Before he becomes a drug runner, Stone is a plant expert treated by everybody as God's gift to man. He's so nice to everyone that people just refer to him as Jimmy Stewart. Of course, the only people who aren't fans of Stone are his family. For decades, Stone was so enamored with his cross-country work that he ignored his children as well as Marry (Dianne West), his significant other. Now in his sunset years exiled by his family and facing financial turmoil, Stone turns to drug runs as a way of making money. A 90-year-old-man doing this kind of work is...unexpected but it turns out Stone has got a knack for this stuff.

Soon, Stone becomes enough of a prolific figure in the world of drug trafficking to get on the radar of DEA agents Colin Bates (Bradley Cooper) and Trevino (Michael Pena). Sooner or later, everything in Stone's life, his troubled home life, his drug dealings, they're all bound to catch up with him. That part of the premise engages in a sense of melancholy reflection that's defined some of Eastwood's best movies, like Unforgiven and Million Dollar Baby. The Mule doesn't hit anywhere near the heights of those two movies. But when it's time for Stone to reminisce about the ways he screwed up in his life, Eastwood, both as a director and an actor, tends to really excel. Eastwood lends some authentically contemplative attitudes to these sequences that lend actual depth to a premise that sounds totally wacky.

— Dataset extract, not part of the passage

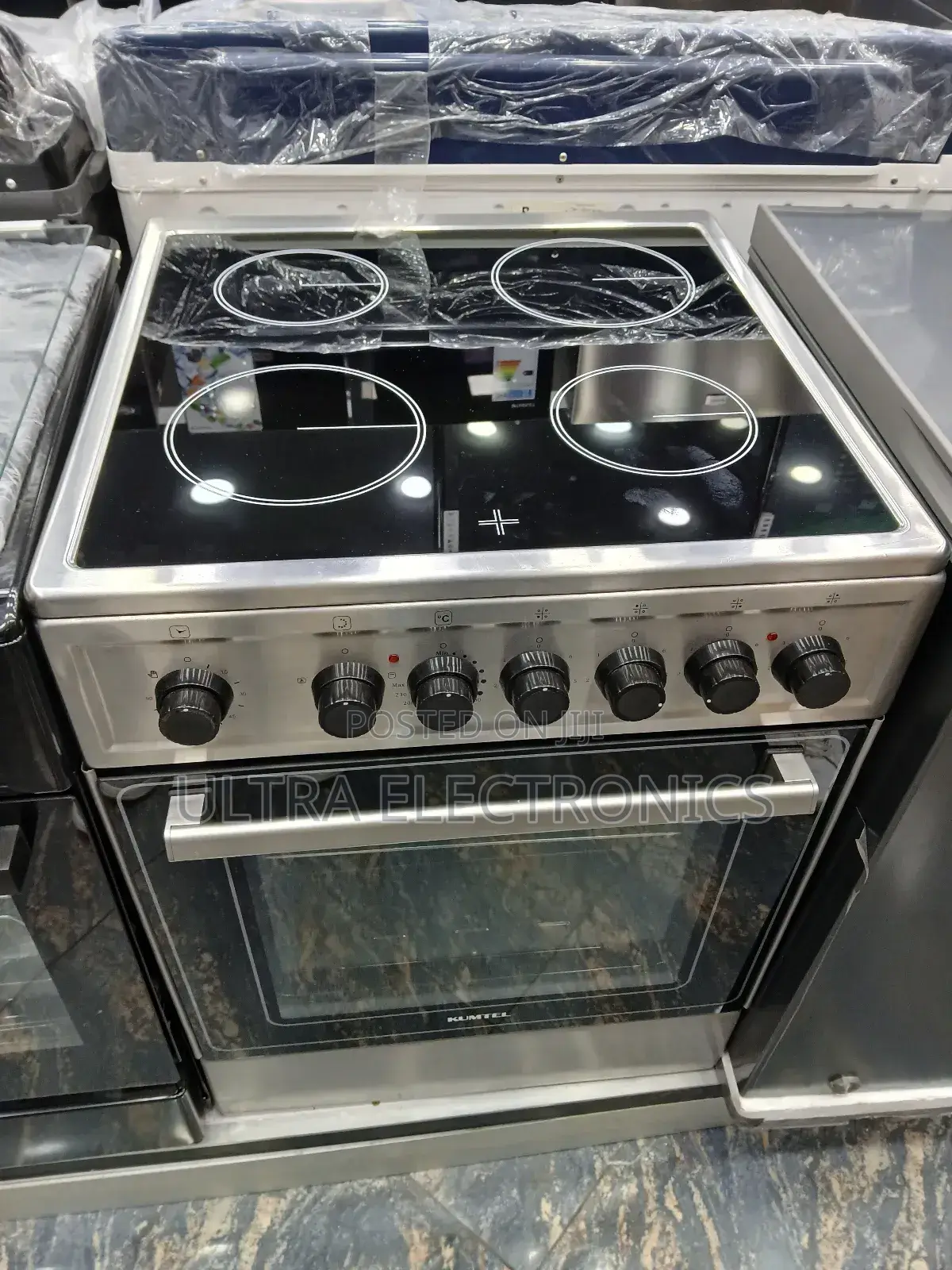 Kumtel 60cm by 60cm Freestanding Ceramic Electric Cooker.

Not that there aren't moments in The Mule that lean into a sense of comedy. In fact, The Mule frequently veers back and forth between intense showdowns between drug sellers and comedic asides like one where two of Stone's handlers find themselves humming along to Dean Martin's Ain't That a Kick in the Head. Frequently, the tonal shifts are jarring but trying to juggle multiple tones already makes The Mule more of an ambitious effort than Eastwood's other recent directorial efforts. Screenwriter Nick Schenk swings for the fences with the tone of The Mule while he also creates an undeniably amusing protagonist in the form of Earl Stone, a person whose entire demeanor suggests he was always destined to be an old man.

Stone hates every cell phone he sees, fires off nonsensical old man witticisms, and also is pleasantly upbeat about discovering that Lesbians are capable of riding motorcycles. He's an absolute hoot to watch while it never fails to be intriguing to see a guy whose personality is predicated on the phrase "Aw, shucks" mingling in the world of drug trafficking. Other characters in Schenk's script aren't quite as interesting. Stone's family members, for example, don't get to be fully-formed characters in their own right. This issue becomes even worse in the final twenty minutes of the film, where people like Stone's daughter mostly become mouthpieces for overly obvious dialogue. Meanwhile, I don't even know why Michael Pena was hired for the throwaway role of Trevino.

Eastwood's direction, meanwhile, is nowhere near as memorably audacious as Schenk's screenplay. Once again, Eastwood adheres to a murky grey color palette no matter what the tone of the scene is. At least there's some unintentionally amusing juxtaposition to be found in how Eastwood uses such bleak lighting for scenes depicting Stone engaging in sexual threesomes. The acting and music choices for these sequences suggest frivolous escapism but Eastwood's direction conveys that we're watching something as bleak as Au Hasard Balthazar. The Mule can't escape a number of the flaws that have plagued Clint Eastwood's filmmaking in recent years. However, it did provide me with two hours of decent entertainment punctuated with memorably odd details, like how a party scene contains a large number of butt shots.

Heed the advice of John Mulaney & Pete Davidson and give this wackadoodle movie a watch.